* [EXERCISE DIRECTIONS]
Out of the entries that follow, copy each line containing "Block".

* [DATASET CONTENT]
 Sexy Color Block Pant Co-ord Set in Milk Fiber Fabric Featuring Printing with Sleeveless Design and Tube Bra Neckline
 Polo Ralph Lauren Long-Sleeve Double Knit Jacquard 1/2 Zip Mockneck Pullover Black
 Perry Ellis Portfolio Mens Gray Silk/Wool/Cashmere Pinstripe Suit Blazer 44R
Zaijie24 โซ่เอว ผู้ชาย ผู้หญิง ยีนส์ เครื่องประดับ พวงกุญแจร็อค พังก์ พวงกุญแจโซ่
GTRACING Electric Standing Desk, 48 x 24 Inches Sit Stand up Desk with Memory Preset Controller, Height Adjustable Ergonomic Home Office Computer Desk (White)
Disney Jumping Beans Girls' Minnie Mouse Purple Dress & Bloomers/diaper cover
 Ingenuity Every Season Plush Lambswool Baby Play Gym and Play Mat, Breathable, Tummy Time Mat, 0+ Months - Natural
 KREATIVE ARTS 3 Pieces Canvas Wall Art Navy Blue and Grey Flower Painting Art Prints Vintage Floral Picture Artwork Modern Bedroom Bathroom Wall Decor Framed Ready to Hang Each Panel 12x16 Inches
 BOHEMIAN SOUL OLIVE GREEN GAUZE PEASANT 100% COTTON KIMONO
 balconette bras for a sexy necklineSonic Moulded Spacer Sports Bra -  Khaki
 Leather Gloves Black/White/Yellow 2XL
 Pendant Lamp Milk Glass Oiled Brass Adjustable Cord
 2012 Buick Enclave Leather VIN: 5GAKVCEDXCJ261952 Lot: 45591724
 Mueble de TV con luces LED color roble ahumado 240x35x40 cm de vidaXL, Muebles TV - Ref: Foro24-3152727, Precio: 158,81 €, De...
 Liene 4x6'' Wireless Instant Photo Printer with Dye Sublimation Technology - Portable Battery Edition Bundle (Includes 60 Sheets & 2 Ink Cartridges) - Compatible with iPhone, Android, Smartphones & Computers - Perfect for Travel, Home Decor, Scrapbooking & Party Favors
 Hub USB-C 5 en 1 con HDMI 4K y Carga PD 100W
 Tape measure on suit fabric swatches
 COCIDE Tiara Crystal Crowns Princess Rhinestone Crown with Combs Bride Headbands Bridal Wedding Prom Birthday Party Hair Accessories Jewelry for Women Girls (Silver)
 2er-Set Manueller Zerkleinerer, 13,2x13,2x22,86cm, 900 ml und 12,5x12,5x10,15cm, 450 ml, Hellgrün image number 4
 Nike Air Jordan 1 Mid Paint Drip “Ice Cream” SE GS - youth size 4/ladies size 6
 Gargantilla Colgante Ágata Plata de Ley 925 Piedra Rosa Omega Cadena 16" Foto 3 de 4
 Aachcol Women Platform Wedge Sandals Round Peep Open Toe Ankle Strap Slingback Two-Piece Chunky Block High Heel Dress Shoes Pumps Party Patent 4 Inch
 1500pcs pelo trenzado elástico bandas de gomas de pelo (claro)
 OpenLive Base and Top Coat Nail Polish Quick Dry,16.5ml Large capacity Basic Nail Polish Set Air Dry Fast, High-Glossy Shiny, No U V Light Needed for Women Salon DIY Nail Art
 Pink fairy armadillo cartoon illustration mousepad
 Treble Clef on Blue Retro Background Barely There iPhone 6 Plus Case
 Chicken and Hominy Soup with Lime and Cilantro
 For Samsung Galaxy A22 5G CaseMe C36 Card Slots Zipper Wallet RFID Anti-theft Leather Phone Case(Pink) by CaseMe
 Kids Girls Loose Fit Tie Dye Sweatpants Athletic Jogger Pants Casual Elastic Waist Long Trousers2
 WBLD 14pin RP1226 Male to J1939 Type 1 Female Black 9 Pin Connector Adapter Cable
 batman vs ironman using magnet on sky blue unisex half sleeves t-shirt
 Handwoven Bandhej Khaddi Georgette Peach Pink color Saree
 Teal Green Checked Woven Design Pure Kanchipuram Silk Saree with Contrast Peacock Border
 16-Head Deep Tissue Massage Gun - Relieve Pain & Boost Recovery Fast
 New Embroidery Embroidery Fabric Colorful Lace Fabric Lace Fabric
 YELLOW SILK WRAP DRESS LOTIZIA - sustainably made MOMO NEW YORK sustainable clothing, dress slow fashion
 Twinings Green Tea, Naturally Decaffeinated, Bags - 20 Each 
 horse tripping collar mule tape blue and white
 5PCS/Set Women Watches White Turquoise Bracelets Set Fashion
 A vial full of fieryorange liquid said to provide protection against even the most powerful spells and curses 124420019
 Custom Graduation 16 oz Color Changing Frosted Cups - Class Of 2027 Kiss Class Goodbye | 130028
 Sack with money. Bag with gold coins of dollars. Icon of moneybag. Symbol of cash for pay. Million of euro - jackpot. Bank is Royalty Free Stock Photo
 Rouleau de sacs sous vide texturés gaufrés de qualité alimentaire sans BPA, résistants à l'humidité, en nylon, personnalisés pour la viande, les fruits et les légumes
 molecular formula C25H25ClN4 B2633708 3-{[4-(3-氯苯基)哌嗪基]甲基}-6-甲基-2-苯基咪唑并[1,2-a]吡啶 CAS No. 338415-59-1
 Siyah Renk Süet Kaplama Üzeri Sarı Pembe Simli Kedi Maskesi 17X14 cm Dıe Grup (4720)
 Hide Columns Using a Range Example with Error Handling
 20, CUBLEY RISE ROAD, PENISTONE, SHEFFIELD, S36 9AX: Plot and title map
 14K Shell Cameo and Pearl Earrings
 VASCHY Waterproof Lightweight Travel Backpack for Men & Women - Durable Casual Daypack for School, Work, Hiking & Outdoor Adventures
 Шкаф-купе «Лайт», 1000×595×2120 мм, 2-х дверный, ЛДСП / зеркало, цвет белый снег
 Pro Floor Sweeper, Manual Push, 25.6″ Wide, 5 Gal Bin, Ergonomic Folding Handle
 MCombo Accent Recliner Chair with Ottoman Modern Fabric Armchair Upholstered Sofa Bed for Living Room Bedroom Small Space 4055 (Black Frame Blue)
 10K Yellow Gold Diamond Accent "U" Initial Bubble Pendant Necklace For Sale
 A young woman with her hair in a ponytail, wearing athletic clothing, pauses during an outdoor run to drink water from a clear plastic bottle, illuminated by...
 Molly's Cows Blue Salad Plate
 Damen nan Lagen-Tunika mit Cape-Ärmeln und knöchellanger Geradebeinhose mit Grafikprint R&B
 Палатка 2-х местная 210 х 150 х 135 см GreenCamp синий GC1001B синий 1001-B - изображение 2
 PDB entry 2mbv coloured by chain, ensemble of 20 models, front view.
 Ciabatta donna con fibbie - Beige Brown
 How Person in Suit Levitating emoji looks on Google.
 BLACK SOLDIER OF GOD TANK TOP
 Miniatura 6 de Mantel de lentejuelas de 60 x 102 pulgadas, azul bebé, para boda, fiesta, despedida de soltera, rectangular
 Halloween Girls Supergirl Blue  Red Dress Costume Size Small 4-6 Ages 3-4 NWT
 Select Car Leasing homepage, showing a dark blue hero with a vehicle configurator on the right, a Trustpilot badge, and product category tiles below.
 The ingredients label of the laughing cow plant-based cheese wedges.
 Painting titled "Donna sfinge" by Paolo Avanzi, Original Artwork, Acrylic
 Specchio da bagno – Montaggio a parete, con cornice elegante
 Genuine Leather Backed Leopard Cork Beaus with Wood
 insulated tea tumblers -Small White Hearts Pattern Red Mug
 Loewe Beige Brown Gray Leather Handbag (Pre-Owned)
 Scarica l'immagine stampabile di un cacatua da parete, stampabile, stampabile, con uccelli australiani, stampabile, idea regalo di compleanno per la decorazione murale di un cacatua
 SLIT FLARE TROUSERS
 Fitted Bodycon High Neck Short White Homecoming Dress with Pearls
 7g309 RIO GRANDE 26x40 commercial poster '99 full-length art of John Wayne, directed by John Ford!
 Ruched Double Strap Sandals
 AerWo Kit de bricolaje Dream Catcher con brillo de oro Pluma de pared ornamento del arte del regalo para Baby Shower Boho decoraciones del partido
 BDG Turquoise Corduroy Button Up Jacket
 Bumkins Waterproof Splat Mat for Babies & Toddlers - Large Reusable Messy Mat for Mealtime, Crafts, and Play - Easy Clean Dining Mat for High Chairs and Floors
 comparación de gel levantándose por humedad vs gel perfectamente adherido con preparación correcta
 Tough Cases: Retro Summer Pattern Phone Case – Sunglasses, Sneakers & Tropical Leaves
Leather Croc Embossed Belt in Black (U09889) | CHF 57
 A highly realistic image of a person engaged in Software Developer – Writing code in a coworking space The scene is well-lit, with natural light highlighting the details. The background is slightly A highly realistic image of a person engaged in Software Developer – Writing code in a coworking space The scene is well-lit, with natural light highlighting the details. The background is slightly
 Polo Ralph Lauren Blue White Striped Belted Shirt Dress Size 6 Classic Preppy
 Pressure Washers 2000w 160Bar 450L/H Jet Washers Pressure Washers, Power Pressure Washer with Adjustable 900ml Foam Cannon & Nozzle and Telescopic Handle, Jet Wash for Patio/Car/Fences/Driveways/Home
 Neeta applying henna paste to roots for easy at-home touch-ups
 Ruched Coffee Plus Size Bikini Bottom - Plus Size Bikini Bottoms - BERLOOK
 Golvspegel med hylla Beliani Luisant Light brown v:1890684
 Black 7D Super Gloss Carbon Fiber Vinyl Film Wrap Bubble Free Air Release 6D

* [SOLVED PROBLEM]
 Sexy Color Block Pant Co-ord Set in Milk Fiber Fabric Featuring Printing with Sleeveless Design and Tube Bra Neckline
 Aachcol Women Platform Wedge Sandals Round Peep Open Toe Ankle Strap Slingback Two-Piece Chunky Block High Heel Dress Shoes Pumps Party Patent 4 Inch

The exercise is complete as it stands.